- The task:
Everything in the data that follows should be given again verbatim, except the images.

##### Data extract

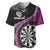 Personalised New Zealand Darts Baseball Jersey Koru Tribal Tattoo and Silver Fern Maori Pattern Pink Color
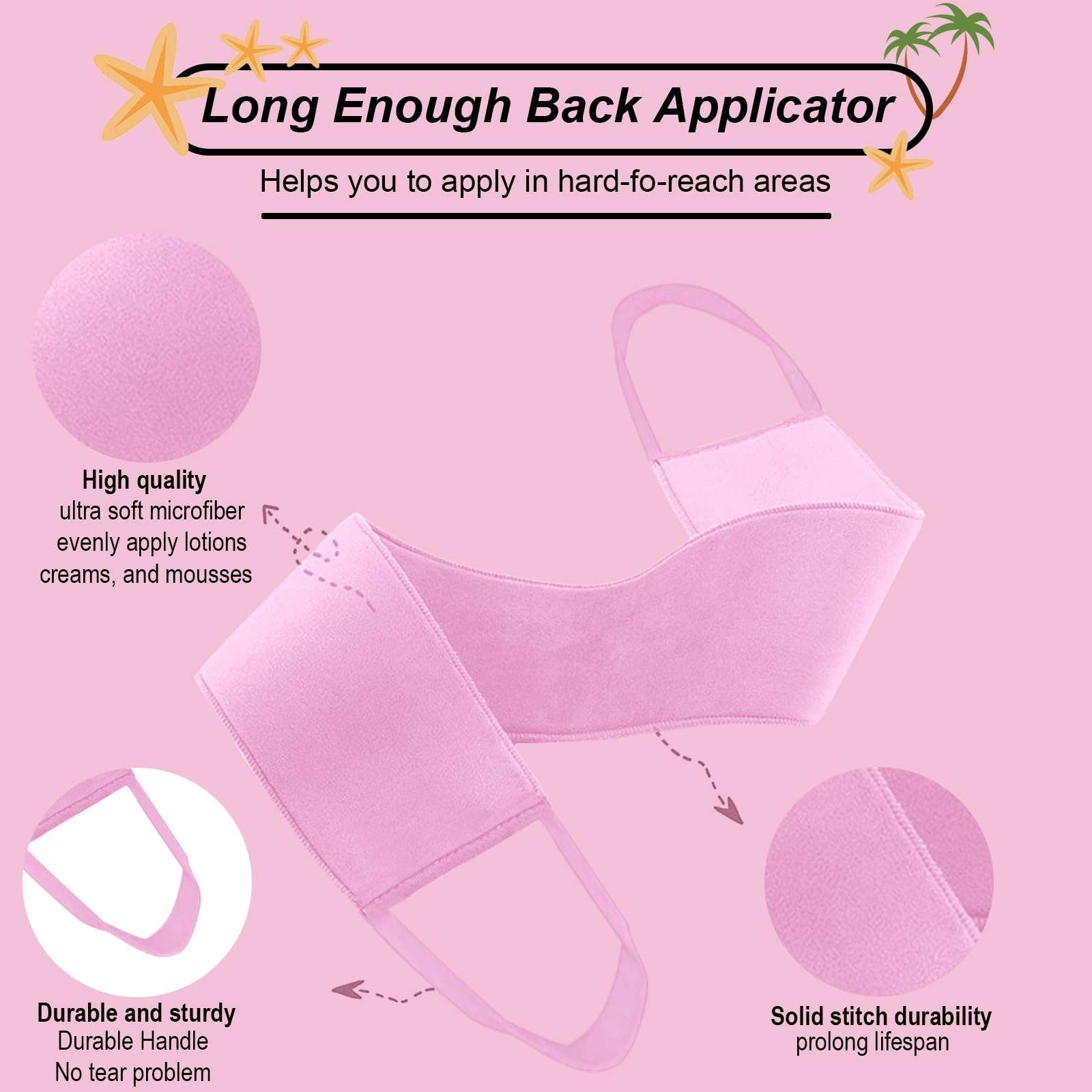 4 Pcs Self Tanner Mitt Applicator Kit - Self Tanning Mitt Glove,Self Tanner Back Applicator,Mini Face Tanner Mitt,Face Tanner Brush Soft Streak-Free Reusable & Washable for Women Girl Men (Pink) 5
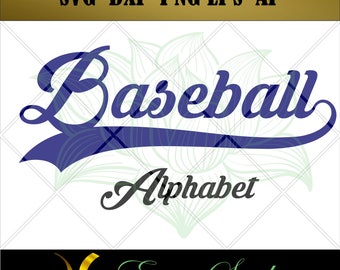 Baseball font svg | Etsy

##########

- Answer space:
 Personalised New Zealand Darts Baseball Jersey Koru Tribal Tattoo and Silver Fern Maori Pattern Pink Color
 4 Pcs Self Tanner Mitt Applicator Kit - Self Tanning Mitt Glove,Self Tanner Back Applicator,Mini Face Tanner Mitt,Face Tanner Brush Soft Streak-Free Reusable & Washable for Women Girl Men (Pink) 5
 Baseball font svg | Etsy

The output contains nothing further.